Но куда же делись головы? Мнение следственной комиссии Дитерихс сформулировал коротко и ясно; «Головы членов царской семьи и убитых вместе с ними приближенных были заспиртованы в трех доставленных в лес железных бочках, упакованы в деревянные ящики и отвезены… в Москву Свердлову в качестве безусловного подтверждения, что указания… Центра в точности выполнены…»

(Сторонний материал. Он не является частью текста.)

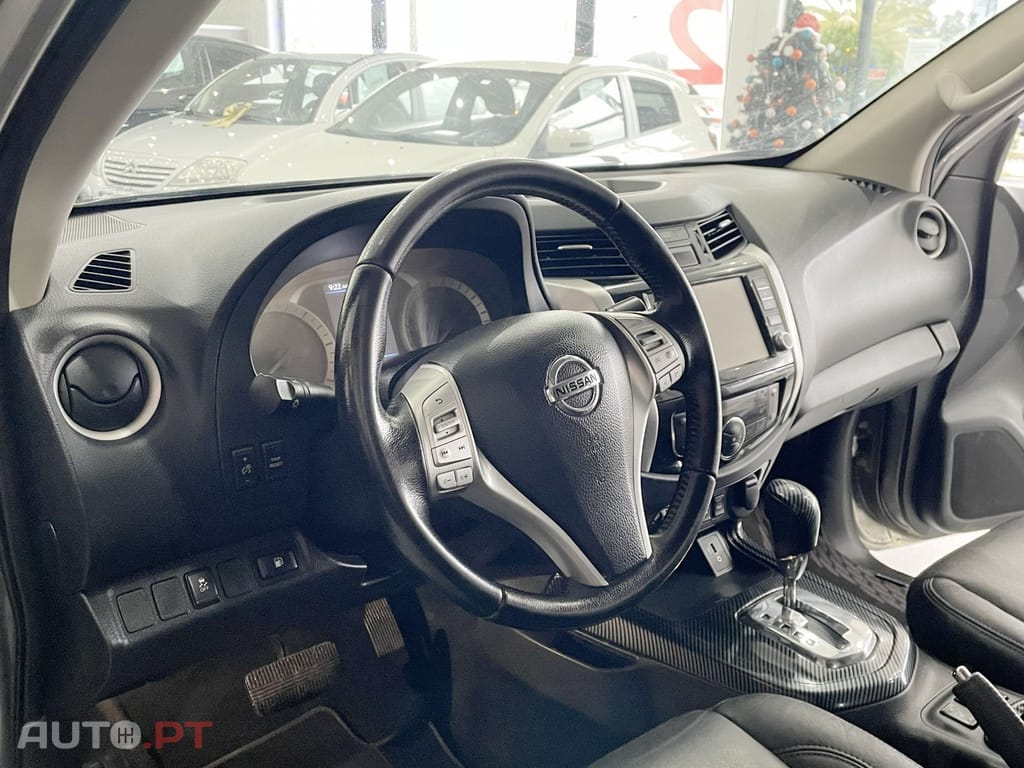 Nissan Navara 2.3 dCi CD 4WD Tekna Auto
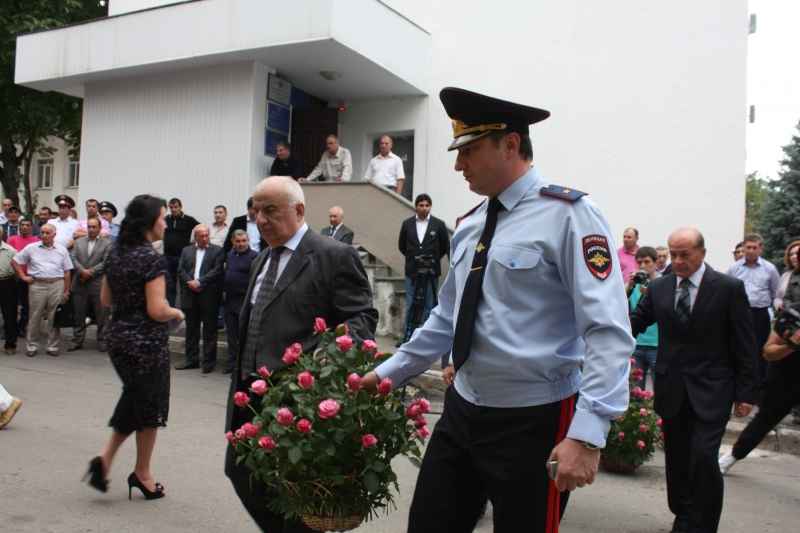 В КБР открыт памятник погибшему от рук боевиков полковнику милиции Конакову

Известно, что главные ответственные за убийство царской семьи товарищи Голощекин и Юровский уже на второй день после совершенного преступления срочно отбыли в Москву в комфортабельном салон-вагоне с тремя тяжелыми не по объему ящиками, от которых Шая Исакович буквально не отходил ни на шаг до самой Москвы. Их вид явно контрастировал с роскошным салоном, и Голощекин спокойно объяснил охране и поездной прислуге, что везет в этих ящиках образцы снарядов для Путиловского завода. По прибытии в столицу Голощекин вместе со своим загадочным грузом отправился в Кремль к своему приятелю еще по ссылке Свердлову и прожил у него пять дней. С момента его приезда по Совнаркому среди служащих, преимущественно из числа «американцев», приехавших в Россию вместе с Троцким делать революцию, распространился слух, что Голощекин привез в спирте головы бывшего царя и членов его семьи. Как докладывала агентура, один из них, наиболее пессимистически оценивавший прочность советской власти, потирая руки, говорил: «Ну теперь, во всяком случае, жизнь обеспечена: поедем в Америку и будем демонстрировать в кинематографах головы Романовых».
Предполагают, что одному из немецких «русских» принадлежала двусмысленная надпись на южной стороне подвала, где расстреливали царскую семью, из стихотворения Г. Гейне, написанного по мотивам Ветхого Завета. В переводе она звучит так: «Валтасар был этой ночью убит своими слугами». Тот, кто писал эти строки на стене, хорошо знал и немецкий, и русский, и смысл гейневского стиха: Валтасар был убит за непочитание иудейского бога Иеговы. Но имя Валтасара, очевидно, с намеком было переделано в Валтоцаря. Кусок желтоватых обоев с текстом находился в архиве Н. А. Соколова.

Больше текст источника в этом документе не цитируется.